Crawled caption data
- Opening Delimiter -
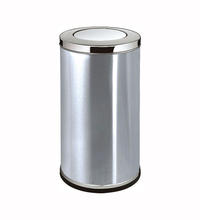 Stainless steel push over round bin
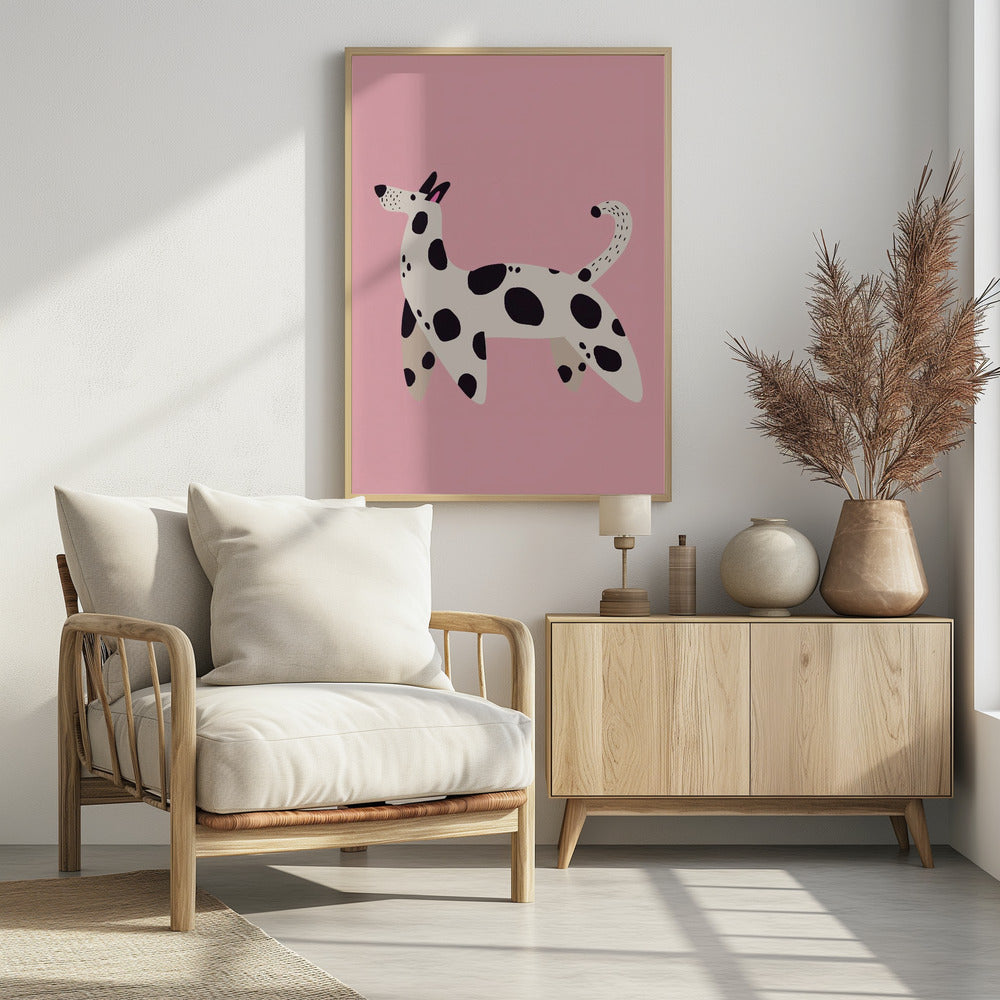 Spaziergang mit geflecktem Hündchen | Poster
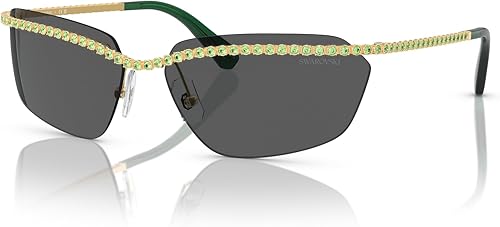 Swarovski Women's SK7001 Sunglasses - Gold/Dark Gray, 64mm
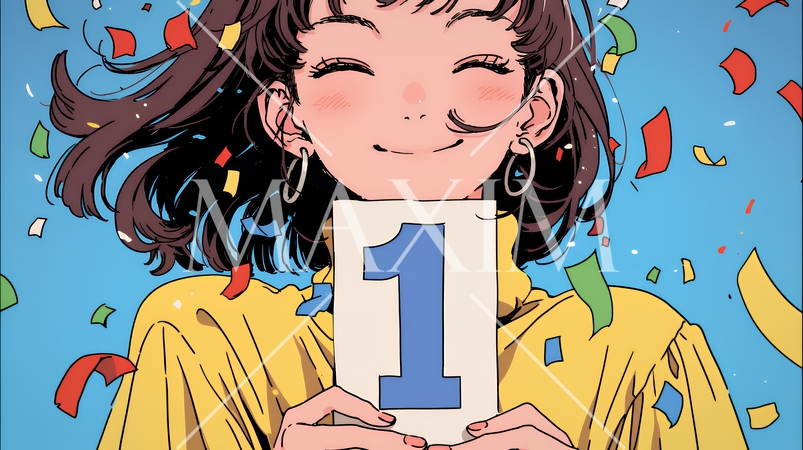 数字の「1」を掲げている若い女性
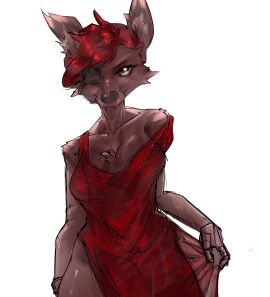 animatronic animatronic_female anthro big_breasts breasts dress dress_lift dress_pull female five_nights_at_freddy's fox fox_ears foxy_(fnaf) furry genderswap genderswap_(mtf) huge_breasts red_body red_fur red_hair rule_63 solo thick_thighs vihurah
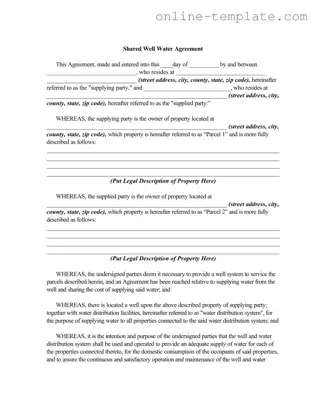 Free Shared Well Agreement PDF Template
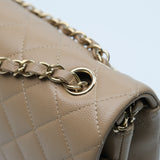 Chanel Double Flap Medium Dark Beige GHW - (MICROCHIP)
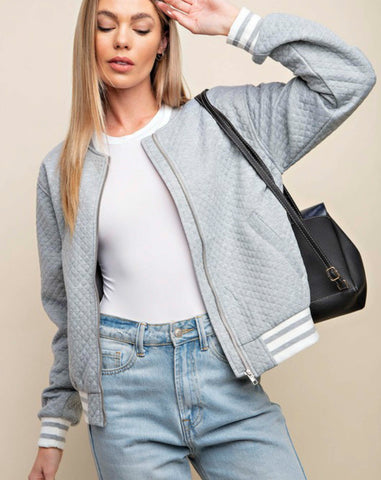 DARCIE RIBBED BAND BOMBER SOFT QUILT JACKET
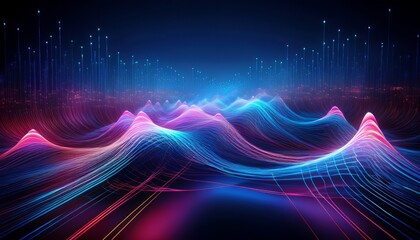 Abstract digital wave lines background with colorful gradient, glowing particles, and futuristic data visualization in vibrant blue, pink, and purple hues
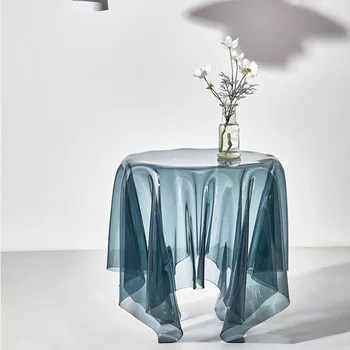 Акриловые прозрачные журнальные столики Креативный хрустальный призрак Круглый низкий столик Простой диванный столик Волшебная прикроватная тумбочка для спальни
- Closing Delimiter -
EXERCISE PROMPT | Each record above should be returned unchanged, except that the pictures are dropped.

TASK OUTPUT |
 Stainless steel push over round bin
 Spaziergang mit geflecktem Hündchen | Poster
 Swarovski Women's SK7001 Sunglasses - Gold/Dark Gray, 64mm
 数字の「1」を掲げている若い女性
 animatronic animatronic_female anthro big_breasts breasts dress dress_lift dress_pull female five_nights_at_freddy's fox fox_ears foxy_(fnaf) furry genderswap genderswap_(mtf) huge_breasts red_body red_fur red_hair rule_63 solo thick_thighs vihurah
 Free Shared Well Agreement PDF Template
 Chanel Double Flap Medium Dark Beige GHW - (MICROCHIP)
 DARCIE RIBBED BAND BOMBER SOFT QUILT JACKET
 Abstract digital wave lines background with colorful gradient, glowing particles, and futuristic data visualization in vibrant blue, pink, and purple hues
 Акриловые прозрачные журнальные столики Креативный хрустальный призрак Круглый низкий столик Простой диванный столик Волшебная прикроватная тумбочка для спальни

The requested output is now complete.